His retirement marks a changing of the guard at Merck, which Frazier, 66, has run since 2011. He will hand the reins to company CFO Robert Davis, whom the board of directors unanimously elected to serve as CEO beginning July 1.
"We are making this leadership change secure in the knowledge that Merck has the elements in place for a strong future of scientific innovation and profitable growth," Frazier said on a Thursday conference call.
“During our succession planning process, the board has had an opportunity to witness Rob’s substantial contributions to the company and the leadership team," Les Brun, Merck’s lead independent director, said in a statement. "He is the right person to lead Merck into the future."
Frazier’s shoes “won’t be easy to fill in so many ways, both within Merck, but also including his many principled and valuable contributions to important issues facing society today,” Davis said on Merck's fourth-quarter earnings call Thursday.
Frazier poached Davis from Baxter, where he was president of medical products business, in 2014.
“Rob has been instrumental in helping Merck take the right actions to adapt to the changing healthcare environment while remaining committed to investing in the scientific innovation that we expect will drive our future growth,” Frazier said in a statement.
“This will be a year of great change both for the company and for our industry," Davis said in a statement. "As we work through the pandemic, we will continue to focus on the important work of bringing our medicines and vaccines to those who need them."
In addition to the switch at CEO, Merck's research chief Roger Perlmutter retired last month after seven years as head of the company's laboratories and was replaced by Dean Li.
Under Frazier and Perlmutter, Merck grew steadily despite fierce competition and accelerating industry consolidation that's swelled the size of its peers. Much of the company's recent success is due to Keytruda, an immunotherapy medicine that's been at the forefront of a seismic shift in cancer research and treatment.
Keytruda's development from an overlooked compound in a major pharmaceutical merger to one of the most successful drugs in the industry's history framed Frazier's tenure as Merck CEO.
Unusually for a chief executive in a notoriously risk-averse industry, Frazier also took public stands on divisive cultural and racial issues. In 2017, he resigned from former President Donald Trump's manufacturing council after Trump refused to specifically denounce the White supremacists and neo-Nazis whose protests in Charolottesville, Virginia, led to the death of one woman and injury of more than a dozen.
"As CEO of Merck and as a matter of personal conscience, I feel a responsibility to take a stand against intolerance and extremism," Frazier said in a statement on his resignation.

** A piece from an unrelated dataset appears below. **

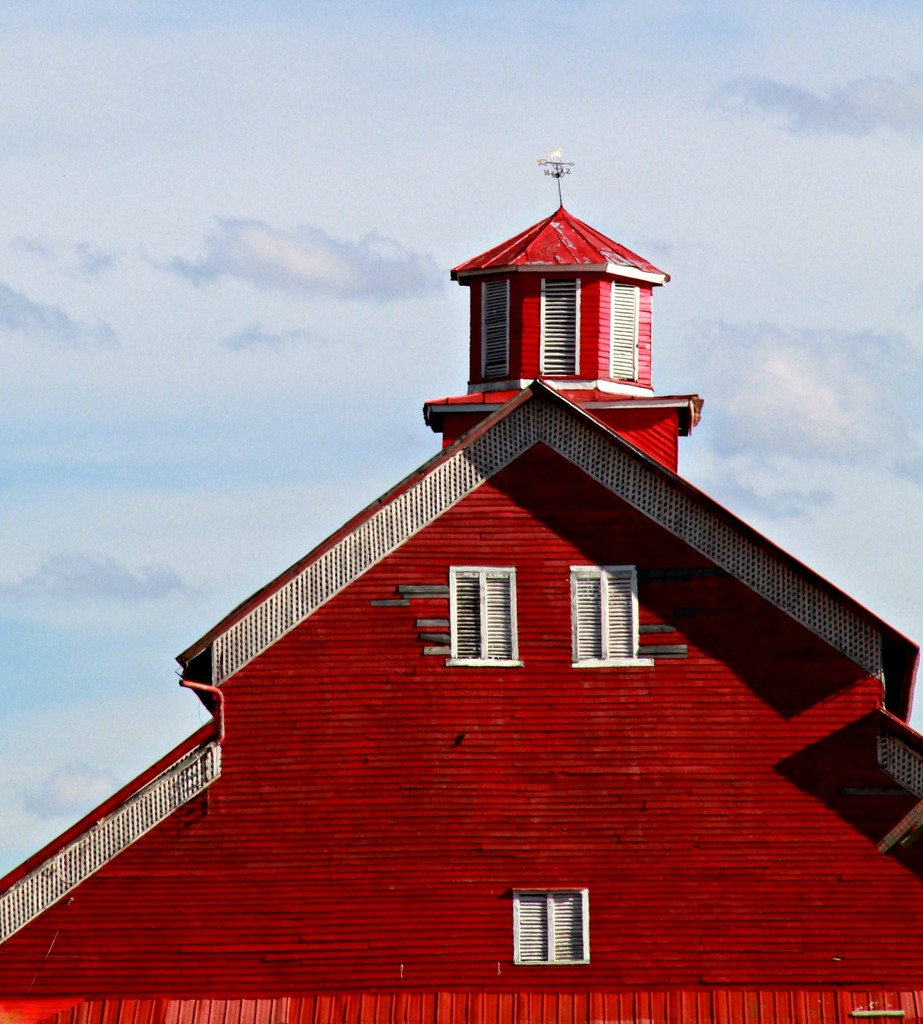 Red Barn by calm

More recently, following the killing of George Floyd by police officers in Minneapolis, Frazier, one of just four Black CEOs in the Fortune 500, has spoken out about racism in America and the role of a corporation in advocating for racial justice.
In 2018, Merck canceled a policy that would have forced Frazier to retire at age 65, allowing him to stay on for longer.
"Given Merck's current position of strength, the Merck board and I believe it's a good time to begin transitioning the company's day-to-day decision making" to Davis, Frazier said Thursday.